Charles [Cave] (bass guitar and backing vocals) and I grew up in the suburbs of West London. We’ve known each other since we were five or six years old. When I was in high school, I met Harry [McVeigh] (lead vocals, guitar). I got a drum kit just when all three of us were becoming friends and we basically decided to form a band around me having drums – which is odd – but it worked and got us to start.
You were immediately signed to a label and had a #1 U.K. debut with My Life to Lose — how did that feel?
It was a little intimidating, but it meant we didn’t have to worry anymore because anybody who had questions about us got their answer. All we wanted was to get out on tour, so going to number one just as we were heading out was really great, actually.
You’re often compared to Joy Division — has this helped you or hurt you?
It only affects you as much as you let it. It was frustrating starting out because we knew their music obviously, but they’re not a band we really adored or had much interest in. To be fair, we’re at least happy we’re being compared to a band that commands a certain amount of respect.
I saw you perform live on Leno and was immediately impressed by your energy…
That’s why we’re not really content with people just hearing the record. We have, by our own high standards, a good live show. I think the fact that we tour a lot keeps people interested and I think when they see us live, they tend to stick with us.
Why did you choose Alan Moulder to produce Ritual?
He mixed our first record. He’s legendary and we knew that whatever we wanted to do on this record, he could do. We were after someone we could talk to and who shared our sense of humor and that’s Alan.

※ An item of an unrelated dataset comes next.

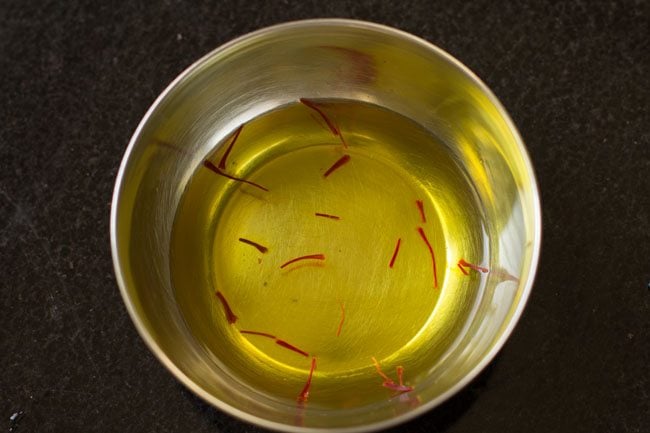 soaking saffron in warm water.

We had a really good time and that shows up in how the record sounds.
There are a lot of religious connotations on this album — what’s the rationale?

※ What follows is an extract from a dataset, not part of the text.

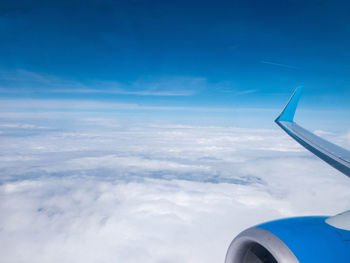 Airplane flying over cloudscape against blue sky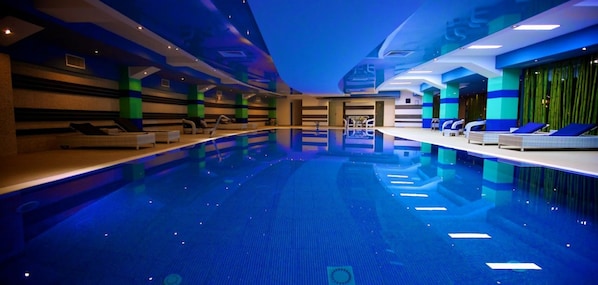A modern indoor swimming pool with a blue hue, surrounded by lounge chairs and a reception area.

We like our albums to have a story…something that ties it all together. John was traveling in Tibet, so references to religion are quite direct. The track Turn the Bells is completely based on what he experienced while there.
So John writes all the lyrics? Is there collaboration on the music?
It’s not a rule that John writes the lyrics but that’s how it’s been. His style of writing is very suited to the way that Harry sings. The lyrics came first for this album and then the demos were started at Harry’s house on the laptop. They were e-mailed to me to play with the drum stuff. A few weeks later, we went into the studio with our ‘sketches.’
You’ve covered songs like Kanye West’s Love Lockdown and Portishead’s The Rip — how did you choose them?
We think quite hard about what we cover. It can’t be anything too similar to us because there’s no point. The Rip is an amazing track by a band we respect but it’s not one that people would expect us to cover. For the Kanye West one, we had to do a cover for the BBC of a song that was on the charts and we thought it was a strong choice.
What’s coming up for White Lies?
We fly home tomorrow to London and have about an hour before we get on a tour bus to Germany. Then we have about a month in the U.K. touring and then head to Europe for a big tour there. By the time that’s done, it’ll be on to the festivals.
And are you already thinking ahead to the next album?
We likely won’t work on the next album for a couple years because we don’t work on the creative side of things while we’re on the road. And we’re going to be on the road for a very, very long time.